RW is right on, there is a lot to pressure control and it varies depending on the situation, snow, etc.

To Carver’s question “I like to know how pressure control is carried out through out the turn. Like what to do in each phrase?” I’ll attempt a very general and simplistic overview via a brief mention of the three main pressure control options – Lateral (ski to ski), Fore-aft (tip to tail), and Vertical (up-down).  I’ll probably open a can of worms in my simplistic overview - a healthy discussion opportunity!

Lateral: On firm snow, ice, and groomed terrain, when turning we balance against the outside ski, so we shift most of our weight from one ski to the other – to the right ski when turning left, then to the left ski when turning right.  In other conditions, for example powder, weight is more even on both skis.

Fore-Aft:  Generally we stand in the middle of the ski, focusing our weight and balance more-or-less over the arch of the foot so that it pressures the middle of the ski.  But in reality our weight is a bit more forward at the beginning of the turn, pressuring the tips more and causing the front of the ski to bend more helping initiate the turn.  As the turn progresses our weight progressively moves rearward so it is centered on the ski around the middle of the turn and is a bit back with more pressure on the tail at the end of the turn.

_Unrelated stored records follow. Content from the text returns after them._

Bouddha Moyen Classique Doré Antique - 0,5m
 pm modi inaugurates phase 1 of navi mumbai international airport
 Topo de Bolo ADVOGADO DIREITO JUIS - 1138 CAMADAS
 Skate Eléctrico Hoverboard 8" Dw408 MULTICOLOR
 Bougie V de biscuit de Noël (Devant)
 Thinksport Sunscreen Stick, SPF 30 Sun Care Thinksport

Vertical: Forces generated by turning can be smoothed by extending and flexing.   Without going into great detail on this – no doubt there are threads already dedicated to the mechanics and physics – flexing and extending allows an evening out of the pressure on the skis throughout the turn.  A key (thought not the only) reason to extend in the first half of the turn is the act of extending puts more pressure on the skis when, because of turn physics, they do not have much.  Similarly, flexing in the second half absorbs (reduces) pressure on the skis when they would otherwise have a lot.  Again I’m avoiding the physics of why pressure is less at the beginning and more at the end, but Ron LeMasters book “The Skiers Edge” would be a great read for those interested.   It’s important to note I use the term “Vertical” cautiously here, and only as it relates to evening-out pressure on the skis, because proper extension-flexion movements are not just up-down but also directed forward and across the skis  -- however that’s another large topic itself.

So regarding what to do in each phase on groomed firm snow, and please note this is a gross oversimplification:

1) at the beginning of the turn transfer weight to the new outside ski  and begin to extend;

2) continue to extend until about the middle of the turn then,

3) begin to flex until the end of the turn.

Then go back to step 1 again for the next turn.  And note the movements of each step are not done all at once but smoothly and continuously.

I hesitate to put it in the above simple steps because there is so much more that is important as to how the movements are conducted, such as the directional component of the extension, but I’ll risk it in an attempt to give a bit of insight to Carver’s question.  Lessons would be highly recommended to get the correct guidance on how this is done.

Kurt

Kurt - a big thanks. This is a great account of the topic and I m sure I have learn something from your dissection. Espeically the vertical part.

I have been thinking why call it pressure control when actually it concerns 3 different dimensions and actually demand 3 different techniques to make it perfect. I glad that I opened this thread or otherwise I really have no clue its such a big topic.